If you want to know exactly how I did this, drop me a line at steve.hemingway@gmail.com and I'll write the details as an extension to this entry. If you know of an existing page that covers this in more detail, or more specificially to a current router models, then please comment or email!

July 29, 2008

SuperFetch - not so super after all

I have been using Vista for getting on for a year now. My overwhelming impression of the operating system is that it is unusably slow. Everything I read about it on the web is that is has some wonderfully clever technology to make it run faster.

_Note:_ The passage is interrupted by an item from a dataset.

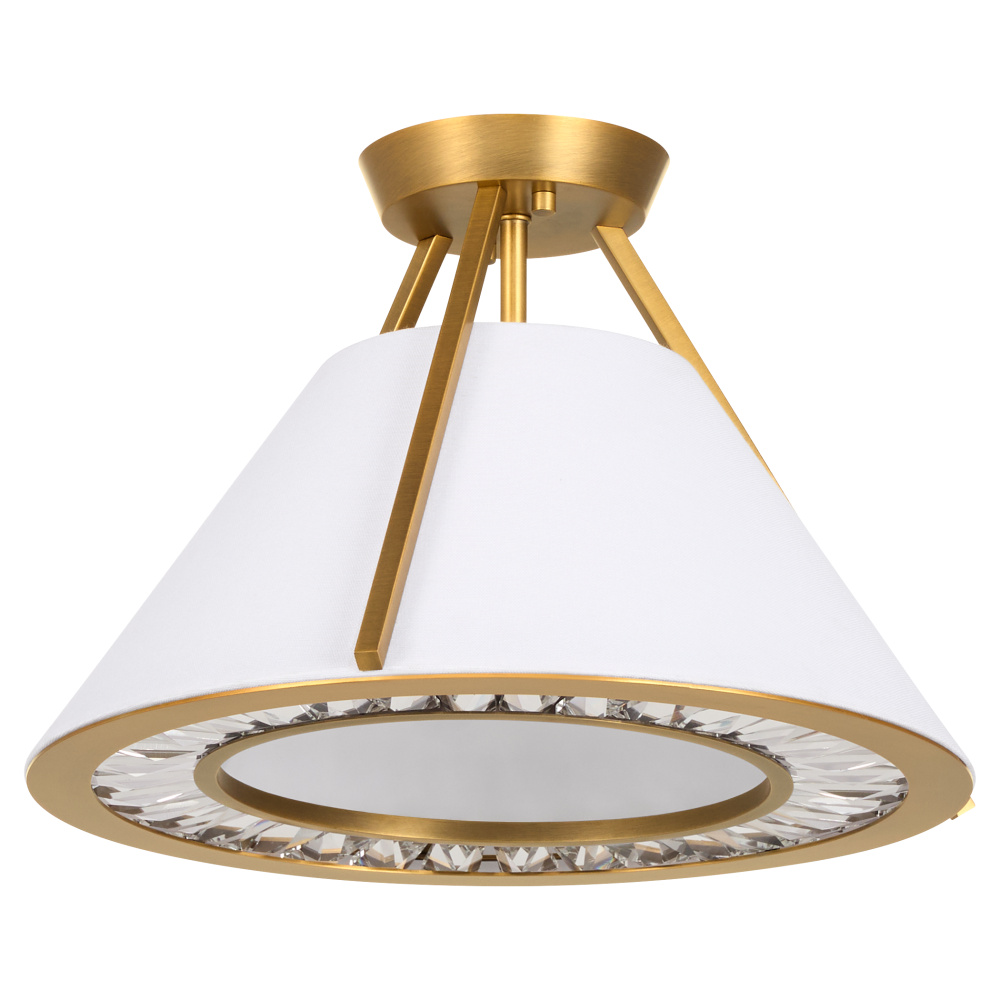 GORHAM 16" SEMI-FLUSH - BRB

I tried various performance tweaks. I have two gigabytes of RAM, which should be enough, but I put in a fast USB memory device to give my system a 'turbo boost', i.e. an extra (solid state) disk to hold the sectors cached by superfetch. None of this made any appreciable differerence and my system ran unusably slowly.

Finally I decided to bite the bullet and disable Superfetch all together (I used these instructions). This had the most astonishing impact on the performance of my system.

I do not know why superfetch does not work for me. "Your Mileage May Vary" as they used to say, but for me the impact of setting a byte in the registry from value 3 to value 0 has made an astonishing difference. I have a sneaky suspicion that it is because I have a *lot* of applications running the whole time. Certainly Word, Excel, IE7, Firefox, Safari, Nomadesk, Skype, MSN and so on and so on. Taskmanager informs me that I have 93 processes running. Other users I've observed seem to want to close applications when they've finished editing a document. My attitude is 'well, I'm going to edit another doc soon, or make further edits to the one that's already loaded; if the app is not used for a while it will be paged out anyway, so why would I bother to shut it down'. Maybe that's the wrong attitude. When it comes to Skype, YM, MSN messenger and Nomadesk.

Anyway, I'm too busy to make blog entries, but I just had to report this success as I've been searching for a way of making my Vista PC perform even approximately as fast as my XP machine for ages.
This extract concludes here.